His success speaks for itself. He was so gifted and dedicated to his craft that he didn’t feel the need for other people’s opinions. For a major-league pitcher with his levels of commitment, intensity and focus that probably works OK. For a business executive with shared responsibility, it proves difficult.
Today, Ryan is back on Houston’s payroll as an executive adviser to Astros owner Jim Crane. Ryan’s son Reid is President of Baseball Operations there. He also co-owns the Round Rock Express, the Rangers’ AAA minor-league team. His contract with Globe Life Park concessions was not renewed. There’s talk the Rangers’ affiliation with the Express will end when the current contract expires, so it seems that there’s no longer a relationship between him and the Rangers, business or otherwise.
It’s too bad that Ryan’s departure from the Rangers turned out less than happy. For more than 20 years, he gave all of us baseball fans plenty to smile about.

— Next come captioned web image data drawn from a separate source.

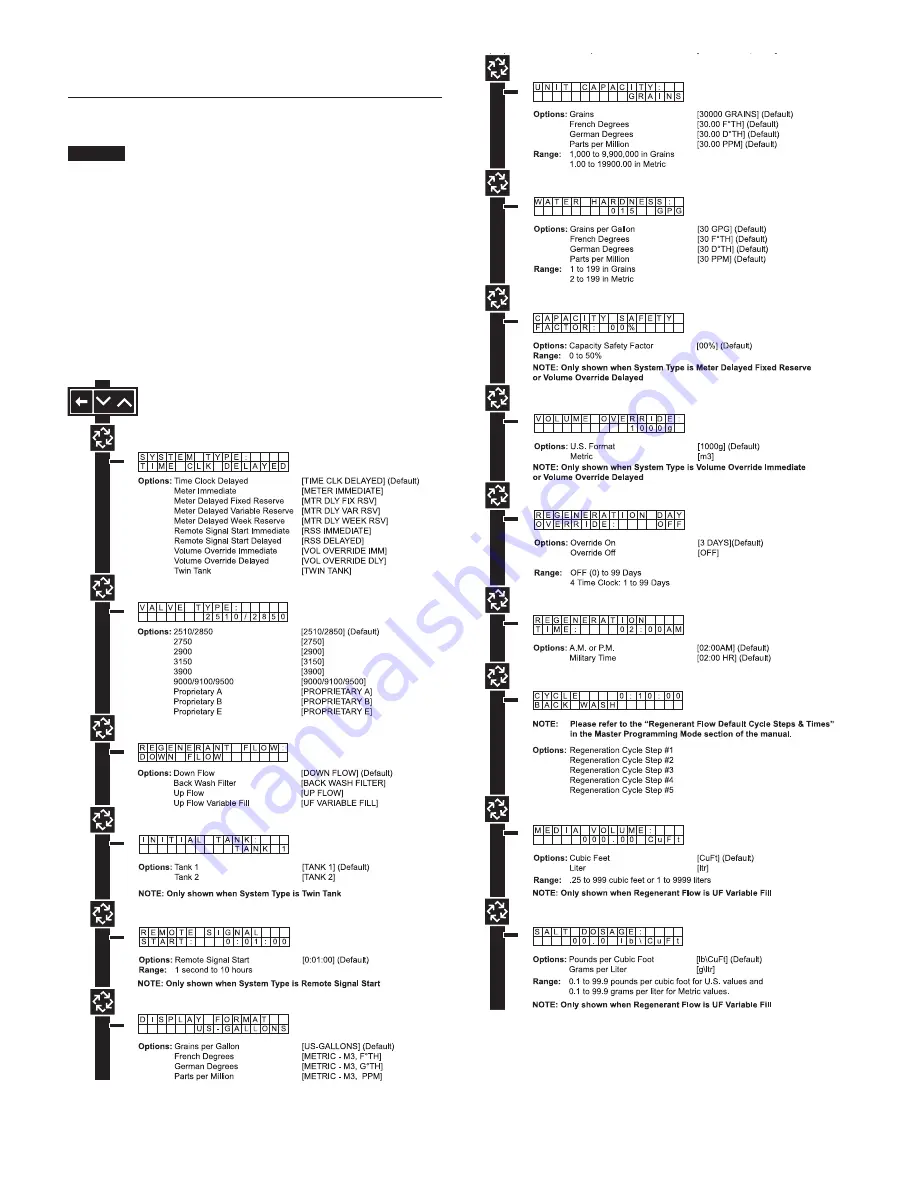 Pentair FLECKXT Service Manual Download Page 6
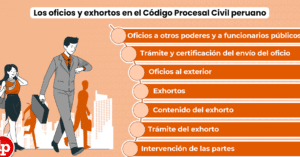 Los oficios y exhortos en el proceso civil | LP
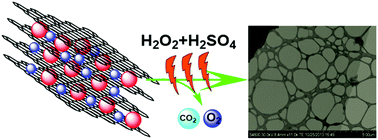 Graphical abstract: Synergy of oxygen and a piranha solution for eco-friendly production of highly conductive graphene dispersions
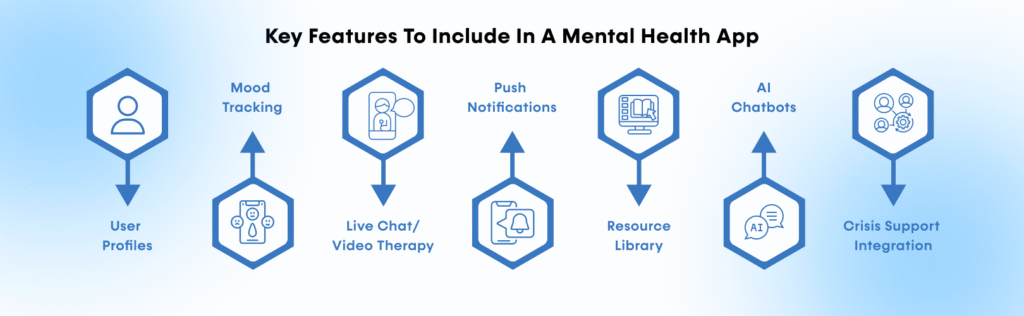 Key Features to Include in a Mental Health App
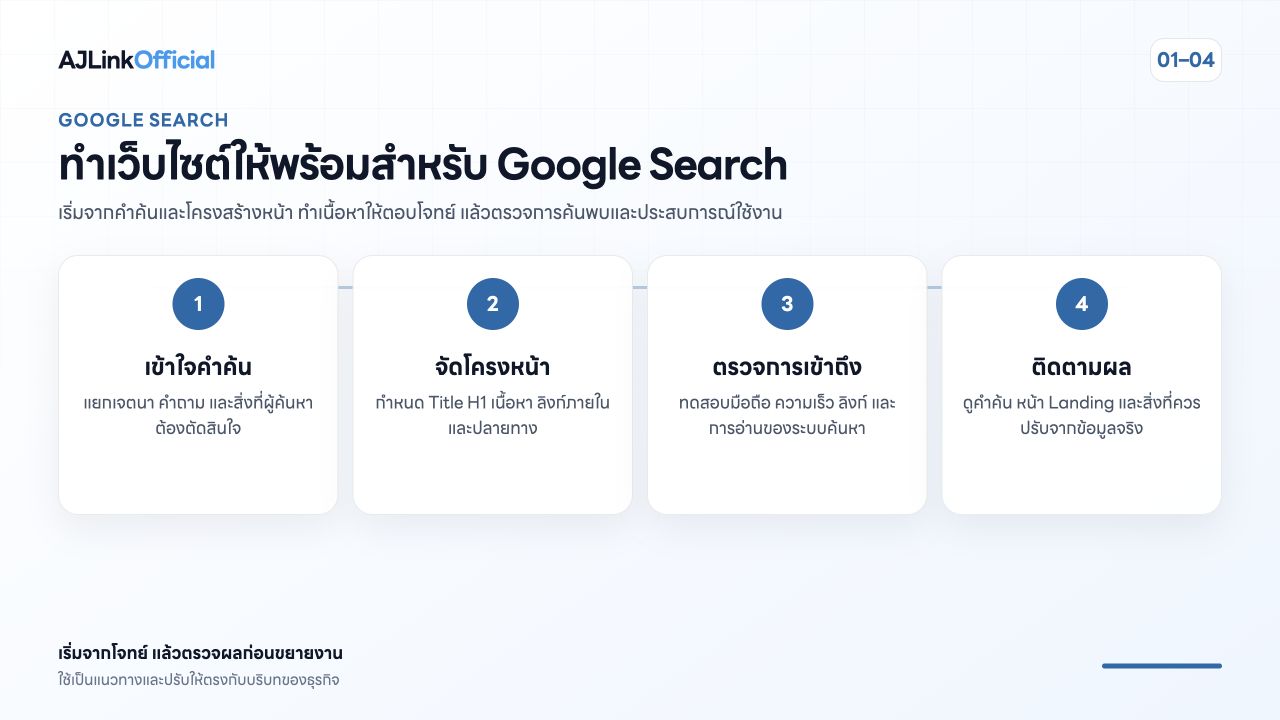 ภาพสรุปขั้นตอนทำให้ธุรกิจค้นหาเจอบน Google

*Devine was the GM who built the St. Louis Cardinals team that would win the 1964 World Series, even though he was fired in the middle of the season by impatient owner Augie Busch. Five years later, Devine led the Mets to the 1969 world championship.
**It’s worth noting that the pitch Ryan threw immediately after blowing out his elbow was clocked at 94 mph.
***Not coincidentally, Ryan was named DFW “CEO of the Year” in 2012 by the SMU Cox School of Business.